Human rights pose perennial problems 

Human rights are always on the agenda at EU-China meetings, although there is a sense that both sides tend to restate their well-worn positions without any major breakthroughs. The latest round of the EU-China Dialogue on Human Rights took place in Beijing last week (20 November), thus annexing these thorny issues from political and economic matters. 

Ambassador Song said human rights and democracy can always be improved in China, just as there is room for improvement in every other country. He said 60 years ago, outsiders commented that China was ungovernable because it was so poor and disorganised. Now, the country is united and becoming more prosperous, he said. 

On the controversy surrounding European attitudes to Tibet, China views the Dalai Lama as a politician leader rather than a religious leader. Song said China continues to oppose meetings between politicians and the Dalai Lama because it promotes the separatist movement in China. 

This is a particularly sore point for China, which itself pursues a policy of non-interference in the internal affairs of other countries. “We don’t make irresponsible remarks about others and don’t like others involving themselves in China’s affairs,” said Song. 

The same logic extends to China’s involvement in neighbouring countries such as Myanmar and North Korea, where Beijing prefers to use its influence in more subtle ways than those advocated in the West. 

Chinese EU Ambassador Song Zhe said developing closer relations serves the interests of both parties as well as the wider international community. He acknowledged that there are difficulties on a number of issues but says there is no fundamental conflict between China and Europe. Song said all problems can be overcome “through mutual respect” between equal partners. 

European Commission President José Manuel Barroso and External Relations Commissioner Benita Ferrero-Waldner will lead negotiations on the European side. 

A planned trip by outgoing Trade Commissioner Catherine Ashton has been cancelled in the wake of her appointment as European High Representative for Foreign Affairs.
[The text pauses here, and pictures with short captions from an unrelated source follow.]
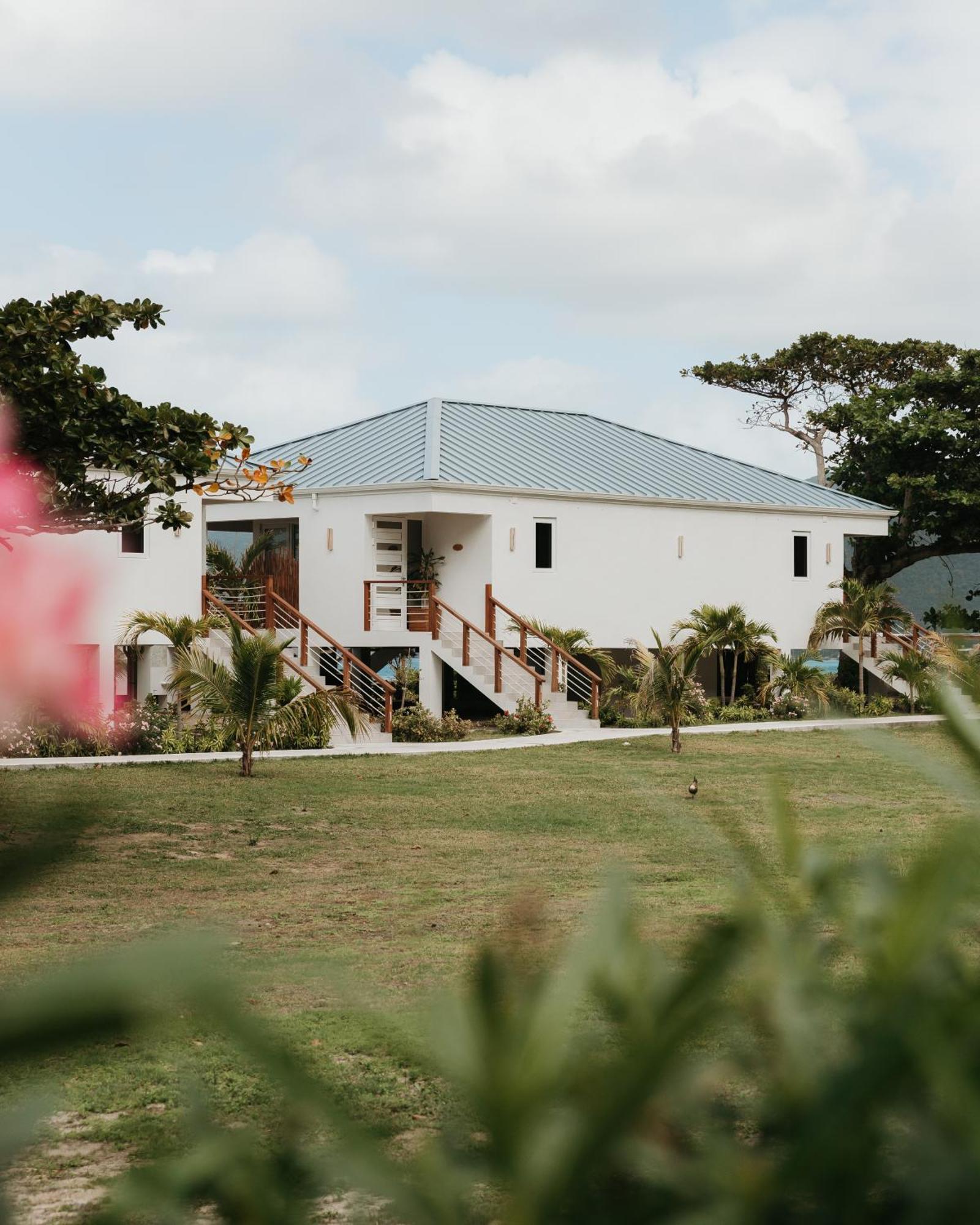 Long Bay Beach Resort 淡水池塘 外观 照片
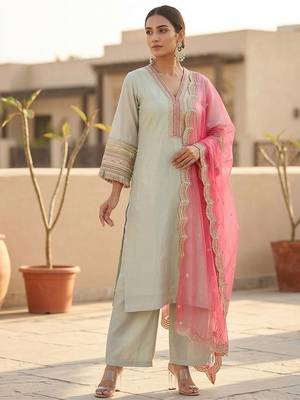 Women embroidered regular kurta with trousers & with dupatta 1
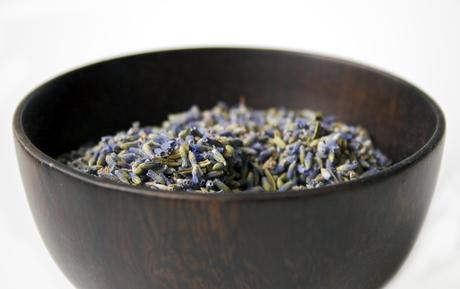 3 synergies d’huiles essentielles bio à diffuser dans la maison !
Ashton was in China in September on a trade mission. 

BusinessEurope has written to European Commission President José Manuel Barroso urging him to work with China to "lay the ground for a successful conclusion of the WTO Doha round in 2010". The business lobby is also pressing for progress at the Copenhagen climate summit, and the removal of barriers to market access in China for EU companies. 

In a separate letter to ECB President Jean-Claude Trichet, BusinessEurope President Jurgen R. Thumann calls for China to consider allowing the renminbi to appreciate. 

The 11th EU-China summit was held in Prague on 20 May, and marked a restoration of diplomatic ties. A previous meeting scheduled for late 2008 was cancelled by the Chinese in the wake of meetings between EU leaders and the Dalai Lama. 

Several senior Chinese leaders, including Premier Wen Jiabao, have visited Europe this year, and EU leaders have also made frequent trips to Beijing as relations returned to normal. 

The 12th EU-China summit will have a much wider and more detailed agenda than the Prague meeting. European and Chinese officials have been briefing journalists ahead of the summit. 

The summit will be preceded by a high-level meeting between Economic and Monetary Affairs Commissioner Joaquín Almunia, ECB President Jean-Claude Trichet and Eurogroup President Jean-Claude Juncker – the so-called 'eurozone troika' – and their Chinese counterparts. 

This is the first time a China-EU summit will take place in a Chinese city other than Beijing. Nanjing, the ancient capital of China, is located in Jiangsu province, which is a major centre for European investment. 

There is a sense on both sides that progress can be made in Nanjing, although a host of issues still divide the two.